Giovanni Verga: The Mother of Sorrows

Anti-war essays, poems, short stories and literary excerpts
Giovanni Verga:
From The House by the Medlar-Tree (1890)
Translated by Mary A. Craig

In the group…there were two soldiers of the marine corps, with sacks on their shoulders and their heads bound up, going home on leave…They were telling how there had been a great battle at sea, and how ships as big as Aci Trezza, full as they could hold of soldiers, had gone down just as they were…
“It seems to me that those fellows are all mad,” said Padron Cipolla, blowing his nose with great deliberation. “Would you go and get yourself killed just because the King said to you, ‘Go and be killed for my sake’?”
***
The day after the rumor began to spread that there had been a great battle at sea, over towards Trieste, between our ships and those of the enemy. Nobody knew how many there were, and and many people had been killed…The neighbors came with hands under their aprons to ask cousin Maruzza whether that were not where Luca was, and looked sadly at her as they did so. The poor woman began to stand at the door as they do when a misfortune happens, turning her head this way and that, or looking down the road towards the turn…

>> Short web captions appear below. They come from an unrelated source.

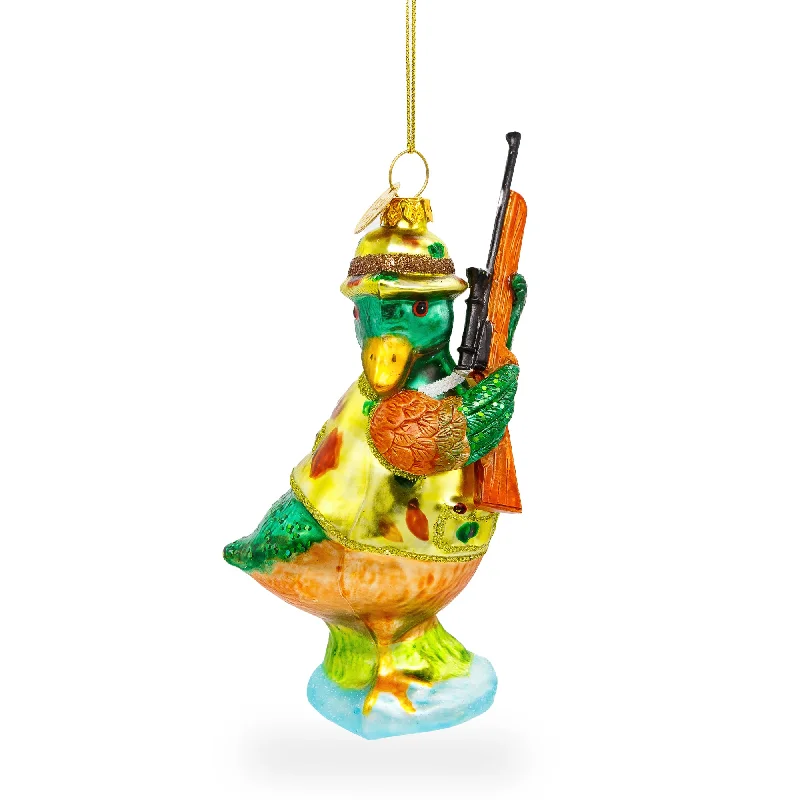 Christmas Decoration for fabric details-Adventurous Duck the Hunter Blown Glass Christmas Ornament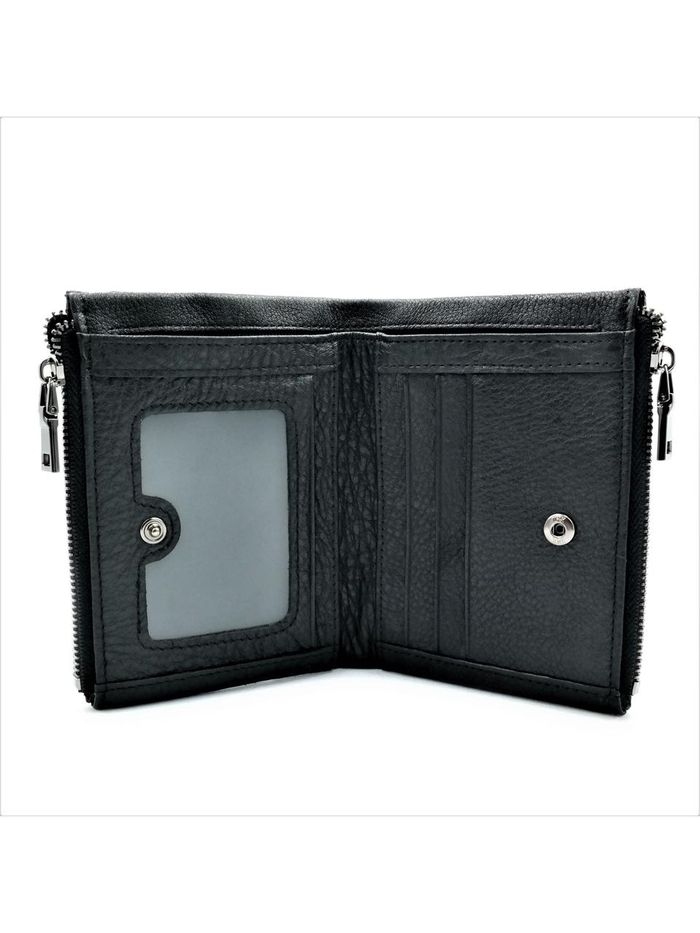 Чоловічий шкіряний гаманець Weatro 13 х 9,5 х 2,5 см Чорний wtro-K163-35 купить недорого в Ты Купи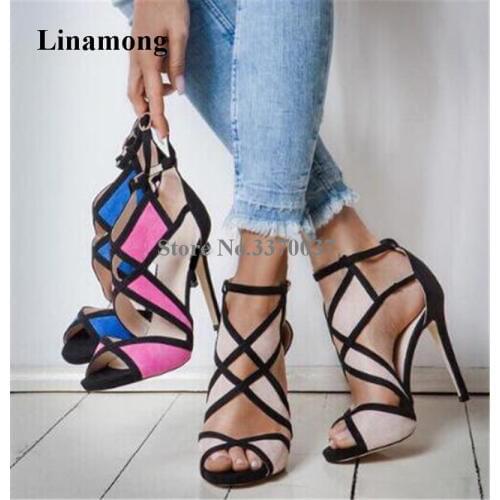 Brand Design Women Fashion Peep Toe Patchwork Colors Thin Heel Sandals Pink Blue Strap Cross High Heel Sandals Dress Shoes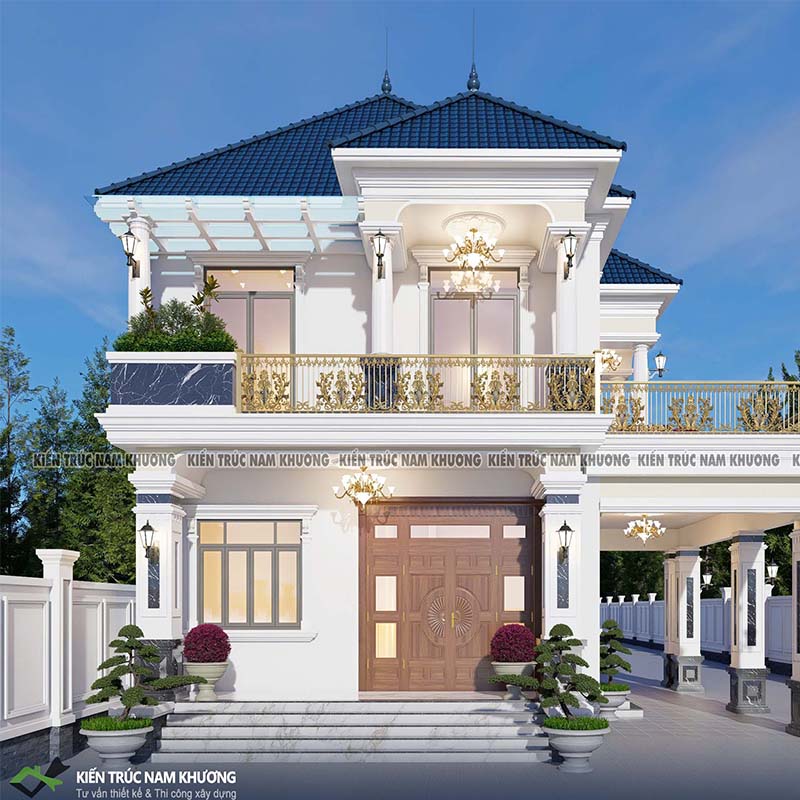 mau thiet ke biet thu mai nhat 2 tang tan co dien sang trong dang cap
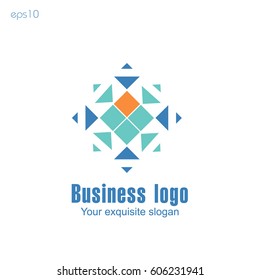 Business logo on white background for design
Original logo from squares on a white background mosaic multicolored embroidery ornament ethnic, business logo, for design and printing, corporate identity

At last someone was charitable enough to tell him to go to the captain of the port, who would be certain to know all about it. There, after sending him from Pilate to Herod and back again, he began to turn over big books and run down the lists of the dead with his finger. When he came to one name, La Longa, who had scarcely heard what went on, so loudly did her ears ring, and was listening as white as the sheet of paper, slipped silently down on the floor as if she had been dead.
“It was more than forty days ago,” said the clerk, shutting up the list. “It was at Lissa. Had not you heard of it yet?”
They brought La Longa home in a cart, and she was ill for several days. Henceforward she was given to a great devotion to the Mother of Sorrows, who is on the altar of the little chapel; and it seemed to her as if the long corpse stretched on the mother’s knees, with blue ribs and bleeding sides, was her Luca’s own portrait, and in her own heart she felt the points of the Madonna’s seven sharp swords. Every evening the devotees, when they came to church for the benediction, and Don Cirino, when he went about shaking the keys before shutting up for the night, found her there in the same place, with her face bent down upon her knees, and they called her, too, the Mother of Sorrows.